I have made many vent picks out of Coathangers. The steel is too soft to spark- a safety issue-- and it can be easily formed using a propane torch, and a vise, and pliers. I cut a length at least 5 inches long- the length is your decision-- then hold it with pliers while I heat it red hot. I pound it with a sledge into a square, then clamp one end in my bench vise, and twist the rod, keeping it red hot with the torch. This gives it a decorative appearance. YOu can vary your decorations any way you desire.
I then flatten one end with my hammer, so that it can be made into a circle, or "heart" for a Handle. The wire will heat weld to itself, if you clean the two connecting surfaces with a fine file before heating and beating them together.
The working end, is filed to a "Point", with a tapered shaft long enough and small enough to fit through the TH, and extend across the bore to the other side of the barrel. Then, I round off the POINT, and file "flats" on opposite sides, to make a paddle like vent pick. The two sides that are flat allow me to move powder by just twisting the pick in the TH.
If you want to put a pick in an antler tip, then drill a hole smaller than the rod used, heat the rod up to red hot, and run it into the antler hot. It will cook the antler a bit doing this, and that will STINK :barf: , but the rod will stick permanently in the antler, unless you shatter the antler with a blow from a sledge hammer, or heavy rock.

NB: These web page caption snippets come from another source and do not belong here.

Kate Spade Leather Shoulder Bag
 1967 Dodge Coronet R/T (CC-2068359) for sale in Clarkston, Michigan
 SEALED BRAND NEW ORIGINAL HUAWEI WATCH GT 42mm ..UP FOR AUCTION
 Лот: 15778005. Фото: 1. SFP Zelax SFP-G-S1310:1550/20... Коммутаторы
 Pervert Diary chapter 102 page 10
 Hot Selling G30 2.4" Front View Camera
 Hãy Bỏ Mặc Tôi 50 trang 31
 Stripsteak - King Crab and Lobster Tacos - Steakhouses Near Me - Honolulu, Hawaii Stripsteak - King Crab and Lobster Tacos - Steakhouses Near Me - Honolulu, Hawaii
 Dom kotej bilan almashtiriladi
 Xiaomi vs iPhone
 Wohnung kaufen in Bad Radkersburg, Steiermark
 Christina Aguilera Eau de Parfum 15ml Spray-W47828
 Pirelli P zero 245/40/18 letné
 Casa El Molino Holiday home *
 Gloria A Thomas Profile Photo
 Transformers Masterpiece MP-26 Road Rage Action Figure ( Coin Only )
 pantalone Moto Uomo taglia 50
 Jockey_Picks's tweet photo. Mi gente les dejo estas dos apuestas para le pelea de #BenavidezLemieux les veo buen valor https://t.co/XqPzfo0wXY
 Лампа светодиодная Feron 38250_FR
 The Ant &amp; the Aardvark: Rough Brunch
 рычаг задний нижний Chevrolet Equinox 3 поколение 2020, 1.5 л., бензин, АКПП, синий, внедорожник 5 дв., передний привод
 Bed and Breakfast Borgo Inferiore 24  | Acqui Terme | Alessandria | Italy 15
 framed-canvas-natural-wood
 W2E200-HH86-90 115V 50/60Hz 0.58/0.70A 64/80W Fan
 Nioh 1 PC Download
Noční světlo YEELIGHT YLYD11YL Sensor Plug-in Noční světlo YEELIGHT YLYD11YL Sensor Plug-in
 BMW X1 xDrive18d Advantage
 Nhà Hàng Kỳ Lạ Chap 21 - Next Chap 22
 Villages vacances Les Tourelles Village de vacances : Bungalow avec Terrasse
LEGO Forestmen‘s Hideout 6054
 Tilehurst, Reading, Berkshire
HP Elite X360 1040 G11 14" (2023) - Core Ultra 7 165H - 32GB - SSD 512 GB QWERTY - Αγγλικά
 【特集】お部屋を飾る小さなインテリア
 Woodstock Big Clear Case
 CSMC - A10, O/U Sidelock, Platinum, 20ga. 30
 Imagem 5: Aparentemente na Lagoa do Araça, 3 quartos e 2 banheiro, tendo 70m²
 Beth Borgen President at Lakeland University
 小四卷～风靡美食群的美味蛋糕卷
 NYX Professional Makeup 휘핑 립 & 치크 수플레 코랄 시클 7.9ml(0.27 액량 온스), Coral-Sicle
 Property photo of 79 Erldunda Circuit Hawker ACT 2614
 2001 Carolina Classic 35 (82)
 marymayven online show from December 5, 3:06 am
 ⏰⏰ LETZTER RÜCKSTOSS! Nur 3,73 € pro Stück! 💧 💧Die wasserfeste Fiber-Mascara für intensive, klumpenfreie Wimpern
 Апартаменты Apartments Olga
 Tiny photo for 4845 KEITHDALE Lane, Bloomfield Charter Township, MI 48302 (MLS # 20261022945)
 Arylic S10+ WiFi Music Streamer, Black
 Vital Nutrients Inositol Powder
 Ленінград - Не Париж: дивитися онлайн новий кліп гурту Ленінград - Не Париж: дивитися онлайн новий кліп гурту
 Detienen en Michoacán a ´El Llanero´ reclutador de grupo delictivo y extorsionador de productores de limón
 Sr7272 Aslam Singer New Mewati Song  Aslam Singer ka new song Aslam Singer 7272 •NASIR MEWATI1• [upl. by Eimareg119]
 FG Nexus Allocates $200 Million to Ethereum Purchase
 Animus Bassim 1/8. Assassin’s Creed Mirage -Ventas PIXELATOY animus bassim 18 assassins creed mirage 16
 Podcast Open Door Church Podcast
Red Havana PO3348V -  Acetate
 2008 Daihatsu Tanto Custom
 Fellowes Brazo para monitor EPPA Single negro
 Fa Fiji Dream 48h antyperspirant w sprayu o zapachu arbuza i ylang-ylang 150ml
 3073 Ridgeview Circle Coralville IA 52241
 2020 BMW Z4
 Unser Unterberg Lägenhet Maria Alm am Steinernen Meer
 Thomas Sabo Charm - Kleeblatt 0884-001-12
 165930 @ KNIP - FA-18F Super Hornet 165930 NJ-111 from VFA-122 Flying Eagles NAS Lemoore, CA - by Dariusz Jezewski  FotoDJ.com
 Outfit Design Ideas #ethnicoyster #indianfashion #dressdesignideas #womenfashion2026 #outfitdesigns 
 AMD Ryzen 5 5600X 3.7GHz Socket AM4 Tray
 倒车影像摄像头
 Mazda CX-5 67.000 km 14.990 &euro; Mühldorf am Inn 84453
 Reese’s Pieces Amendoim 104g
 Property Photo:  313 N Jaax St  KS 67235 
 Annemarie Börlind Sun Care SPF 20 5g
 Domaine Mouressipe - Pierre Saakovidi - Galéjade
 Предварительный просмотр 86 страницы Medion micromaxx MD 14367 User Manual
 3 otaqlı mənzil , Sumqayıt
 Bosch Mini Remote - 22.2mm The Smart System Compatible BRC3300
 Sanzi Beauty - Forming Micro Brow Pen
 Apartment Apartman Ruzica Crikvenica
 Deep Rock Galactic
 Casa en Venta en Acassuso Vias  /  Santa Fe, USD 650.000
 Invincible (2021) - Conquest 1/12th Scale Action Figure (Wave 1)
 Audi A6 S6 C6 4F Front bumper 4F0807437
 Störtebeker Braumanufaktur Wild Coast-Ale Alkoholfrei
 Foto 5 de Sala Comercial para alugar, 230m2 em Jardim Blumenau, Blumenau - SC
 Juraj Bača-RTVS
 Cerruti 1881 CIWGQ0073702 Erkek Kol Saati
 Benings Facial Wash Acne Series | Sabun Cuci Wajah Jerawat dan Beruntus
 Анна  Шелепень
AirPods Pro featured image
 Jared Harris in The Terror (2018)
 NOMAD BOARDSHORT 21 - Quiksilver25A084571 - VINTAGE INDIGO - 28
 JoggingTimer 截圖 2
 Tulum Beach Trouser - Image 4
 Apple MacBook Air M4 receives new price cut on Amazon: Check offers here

If you want to avoid the odor, then use super-glue to glue the antler tip to the pick.
You might consider drilling a hole in the tip so that you can run a leather strap through it to hold it to your bag strap.
When I finish a vent pick, I heat the entire pick up red hot, and drop it in a tin of motor oil. The oil puts a black finish on the metal, that inhibits rust, and provides an even coating. If it every wears down, its simply a matter of re-heating the rod up again, and dropping it back in some oil.
OR, I have simply cooled the red hot rods by spraying them with WD40. The oil acts the same, coating the rod with a nice even black finish.
I have large wide hands, and my longer picks make it easier for me to control them in use. I found that I had no trouble selling the rest of those I made to others, who also liked the control they had over the short little wires they had been using.
I keep one pick attached with a leather string to my bag strap, and have a second one that holds the top of my Voyageur's wool cap to the turned up opening. The second one has been " Loaned" to other flintlock shooters on more than one occasion.